In Kisko block in 2011, cultivators numbered 12,209 and constituted 42.13% of the total workforce, agricultural labourers numbered 13,288 (45.85%), household industry workers numbered 652 (2.25%), and other workers numbered 2,832 (9.77%). Total workers numbered 28,981, constituting 52.73% of the total population.

===Infrastructure===
There are 52 inhabited villages in Kisko block. In 2011, ten villages had a power supply. Five villages had tap water (treated or untreated), fifty-two villages had well water (covered or uncovered), forty-eight villages had hand pumps, and all villages had drinking water facilities. Nine villages had post offices, five villages had telephones (land lines), and thirteen villages had mobile phone coverage.

All 52 villages had paved roads; six had bus service (public or private), thirteen had auto rickshaws or modified autos, seven had taxis or vans, and eighteen had tractors. Seven villages had bank branches, five had agricultural credit societies, twenty-one had public distribution system facilities, and thirty-two had assembly polling stations.

===Agriculture===
Large areas of the district were formerly covered with forests. With gradual deforestation, more land has been brought under cultivation. At present, around 32–35% of the total area is forested. Rice is grown in the terraced lowlands, known as don. In the uplands, known as tanr, a coarse form of rice, millets, pulses and oil seeds are grown. Agriculture is largely monsoon-dependent. "The wells, springs and ahars are the only traditional sources of irrigation. The average land holding per household is 1.65 Ha. The per capita agricultural land is around 0.28 Ha. Net irrigated area is 13.4% of net sown area".

===Bauxite===
Bauxite is the raw material used to produce aluminium. Lohardaga district has large reserves of world-class bauxite across Pakhar, Hisari, Rudhali Pat, and Khamar Pat, with the mining area extending into neighbouring districts. The district has approval to mine approximately eleven lakh tones of bauxite mineral in a year. Hindalco Industries holds seven of the nine active mining leases in Lohardaga district and supplies bauxite to its aluminium plants in Muri and Renukoot. A ropeway connecting Bagru mines and Lohardaga has been a popular tourist attraction.

==Education==
As of 2011, Kisko block had 18 villages with pre-primary schools, 47 villages with primary schools, 24 villages with middle schools, five villages with secondary schools, two villages with senior secondary schools, and four villages with no educational facilities.

.*Senior secondary schools are also known as Inter colleges in Jharkhand

==Healthcare==
As of 2011, Kisko block had two villages with primary health centres, nine villages with primary health subcentres, three villages with maternity and child welfare centres, five villages with allopathic hospitals, three villages with dispensaries, two villages with veterinary hospitals, three villages with family welfare centres, and one village with a medicine shop.

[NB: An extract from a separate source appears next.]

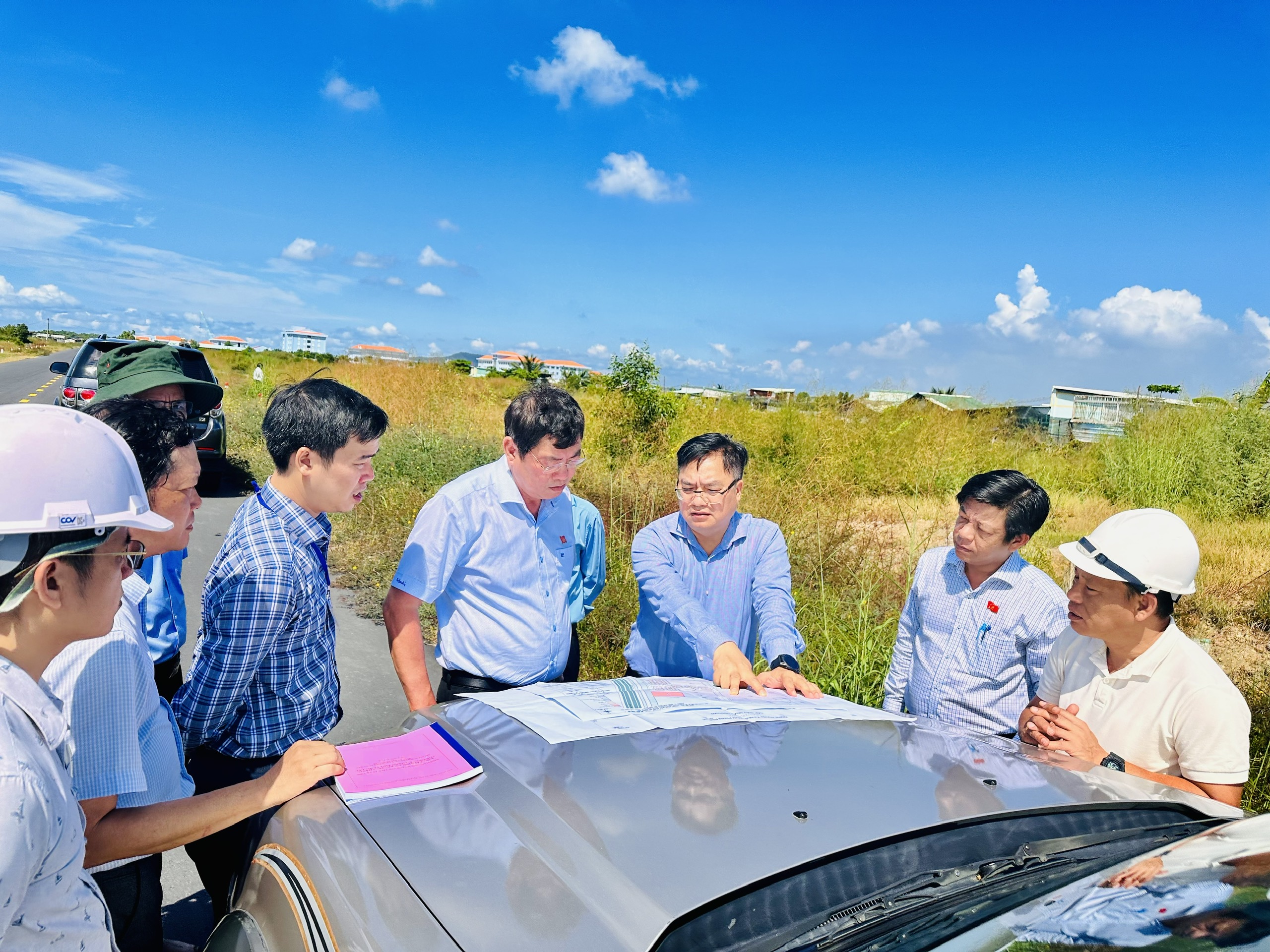 Lãnh đạo TP.Vũng Tàu kiểm tra dự án TĐC khu đô thị Phước Thắng.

.*Private medical practitioners, alternative medicine etc. not included

==Maoist activities==
Lohardaga has been identified as a grade "A" district for risk of Naxalite–Maoist insurgency. The Kuru, Bhandra, Kairo, Kisko, Jowang and Senha police stations are considered fully affected, while the Lohardaga police station is considered partially affected. Maoist groups are primarily involved in extorting the bauxite mining and transport industry. Lohardaga Superintendent of Police Ajay Kumar Singh died during anti-insurgency operations.